What should you do? You've been working hard as a lawyer, as a flight attendant, as an office manager, but now you realize—and perhaps you realized it long ago—that the job is depleting you. It's draining you, and turning you into a lesser version of yourself. But for any number of reasons, you feel you can't quit. Maybe the benefits are so good that you're golden handcuffed in; or you think that after devoting yourself to a profession for so long it would be a waste to try to move onto a new profession; or you think that nobody will hire you in a new field because you lack the relevant experience. What should you do?
Here are some thoughts:
1. Don't assume that you're in the wrong job. Look before you leap. You might just have forgotten what drew you to the role in the first place. For one week, track your activities, noting the ones that make you feel strong and the ones that make you feel weak. At the end of the week, pick two that create in you strong positive emotions. Relive those two moments. Feel again what you loved about the job in the beginning.

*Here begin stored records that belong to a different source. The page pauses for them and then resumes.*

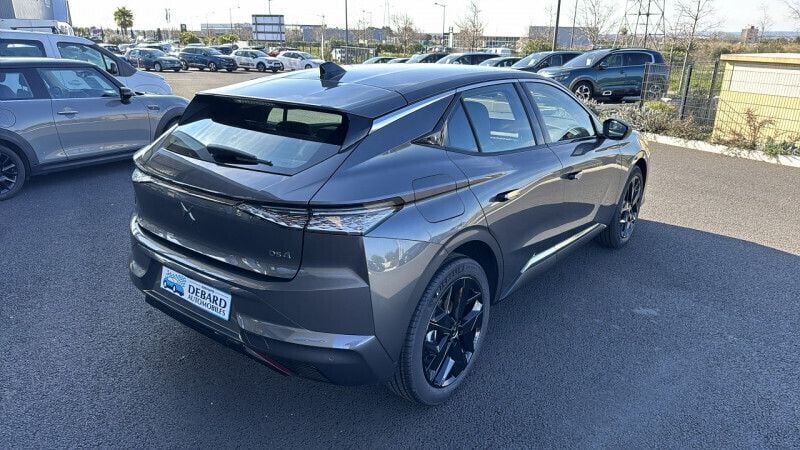 Nouvelle 2024 DS Automobiles DS4 Berline | 29 990 € (Bon prix) - Image 1/4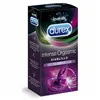 Vibrating Ring Durex Toy Anillo Diablillo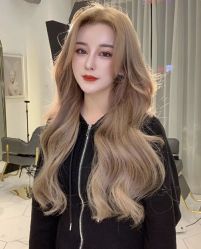 -那茉 Hair Salon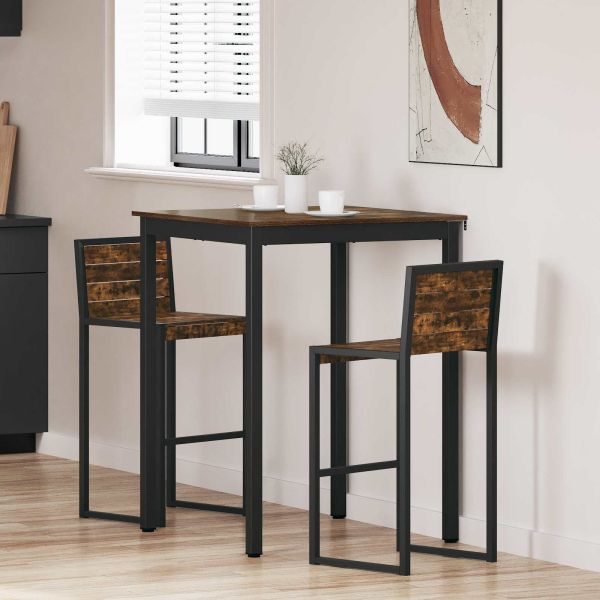 Трапезни маси Инженерно дърво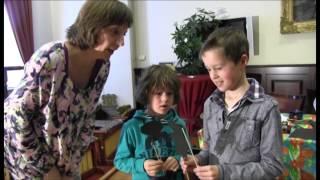 Workshop: Helden, monsters en demonen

2. The clearest sign that you're in the wrong career is if you cannot imagine a future in it. If you've looked hard at the activities that strengthen you and know deep in your heart that there's no way for those strengthening feelings to be recreated and no way to push your job gradually toward creating more and more of them each week, then it's time to act: Make the decision in your mind and plan your exit strategy. Don't dance around it. Don't second-guess it. Accept it. You know that your job does not and will never call upon the best of you. Nothing can compensate for this. No amount of money. No benefits. No amount of time invested. Nothing.
3. Start by focusing on your interests. What magazines do you read? What articles are you drawn to in those magazines? What kind of people do you find yourself hanging around with? Pick two interests or subject areas that always intrigue you and research them. Study the life that you want to live.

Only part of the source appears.